• **Data records**
_____
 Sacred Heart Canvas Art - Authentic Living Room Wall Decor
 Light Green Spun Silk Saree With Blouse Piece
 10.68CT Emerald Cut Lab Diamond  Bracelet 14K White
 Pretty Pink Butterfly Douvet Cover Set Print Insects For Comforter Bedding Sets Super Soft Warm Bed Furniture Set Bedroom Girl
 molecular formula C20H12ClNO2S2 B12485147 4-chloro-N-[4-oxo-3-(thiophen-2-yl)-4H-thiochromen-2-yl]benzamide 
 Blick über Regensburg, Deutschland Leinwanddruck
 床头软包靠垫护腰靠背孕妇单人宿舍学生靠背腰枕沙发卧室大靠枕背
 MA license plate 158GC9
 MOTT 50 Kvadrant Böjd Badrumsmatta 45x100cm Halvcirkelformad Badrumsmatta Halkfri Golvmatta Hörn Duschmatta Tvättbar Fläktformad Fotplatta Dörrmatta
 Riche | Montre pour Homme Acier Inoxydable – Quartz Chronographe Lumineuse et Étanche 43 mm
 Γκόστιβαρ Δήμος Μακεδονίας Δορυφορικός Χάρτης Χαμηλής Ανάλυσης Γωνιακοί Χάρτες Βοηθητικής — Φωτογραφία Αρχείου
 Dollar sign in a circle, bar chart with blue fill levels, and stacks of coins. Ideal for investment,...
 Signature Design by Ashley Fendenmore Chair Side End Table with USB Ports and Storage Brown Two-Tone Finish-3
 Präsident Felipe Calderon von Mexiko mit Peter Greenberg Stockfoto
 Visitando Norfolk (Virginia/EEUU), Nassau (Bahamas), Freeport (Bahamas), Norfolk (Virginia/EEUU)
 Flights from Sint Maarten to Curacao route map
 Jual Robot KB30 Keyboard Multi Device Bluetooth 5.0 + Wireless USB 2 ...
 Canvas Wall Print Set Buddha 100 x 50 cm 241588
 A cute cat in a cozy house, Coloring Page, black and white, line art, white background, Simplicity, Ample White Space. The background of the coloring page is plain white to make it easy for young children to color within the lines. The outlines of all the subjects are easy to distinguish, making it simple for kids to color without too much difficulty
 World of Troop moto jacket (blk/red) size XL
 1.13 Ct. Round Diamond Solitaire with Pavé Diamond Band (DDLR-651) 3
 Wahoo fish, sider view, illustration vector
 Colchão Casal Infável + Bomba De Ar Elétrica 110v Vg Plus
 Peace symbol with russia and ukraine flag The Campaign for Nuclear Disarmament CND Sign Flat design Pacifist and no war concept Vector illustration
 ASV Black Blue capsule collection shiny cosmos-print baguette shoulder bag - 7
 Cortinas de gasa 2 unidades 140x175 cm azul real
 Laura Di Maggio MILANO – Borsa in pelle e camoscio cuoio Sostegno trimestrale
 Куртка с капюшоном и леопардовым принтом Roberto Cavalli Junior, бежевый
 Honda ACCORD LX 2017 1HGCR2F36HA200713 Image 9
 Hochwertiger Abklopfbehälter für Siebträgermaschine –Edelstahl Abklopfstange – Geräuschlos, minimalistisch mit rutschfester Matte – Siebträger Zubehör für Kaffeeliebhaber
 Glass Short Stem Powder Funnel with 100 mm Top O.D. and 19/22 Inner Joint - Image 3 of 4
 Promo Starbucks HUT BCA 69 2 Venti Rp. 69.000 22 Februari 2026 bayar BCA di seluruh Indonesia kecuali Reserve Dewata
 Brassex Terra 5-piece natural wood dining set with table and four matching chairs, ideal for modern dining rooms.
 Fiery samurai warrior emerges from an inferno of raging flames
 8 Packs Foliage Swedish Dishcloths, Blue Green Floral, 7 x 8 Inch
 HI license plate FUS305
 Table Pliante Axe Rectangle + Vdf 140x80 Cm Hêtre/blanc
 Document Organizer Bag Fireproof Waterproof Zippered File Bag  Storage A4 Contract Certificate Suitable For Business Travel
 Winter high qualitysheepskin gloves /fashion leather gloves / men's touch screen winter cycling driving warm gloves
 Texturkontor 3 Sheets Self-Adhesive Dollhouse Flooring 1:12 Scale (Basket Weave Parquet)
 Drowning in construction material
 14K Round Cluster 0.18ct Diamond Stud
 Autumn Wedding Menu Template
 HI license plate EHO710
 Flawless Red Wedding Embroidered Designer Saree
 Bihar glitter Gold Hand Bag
_____
• **Problem**
Leaving out all lines before the one containing "Texturkontor 3 Sheets", copy that line and the rest through the end of the listing above exactly.

• **Answer section**
 Texturkontor 3 Sheets Self-Adhesive Dollhouse Flooring 1:12 Scale (Basket Weave Parquet)
 Drowning in construction material
 14K Round Cluster 0.18ct Diamond Stud
 Autumn Wedding Menu Template
 HI license plate EHO710
 Flawless Red Wedding Embroidered Designer Saree
 Bihar glitter Gold Hand Bag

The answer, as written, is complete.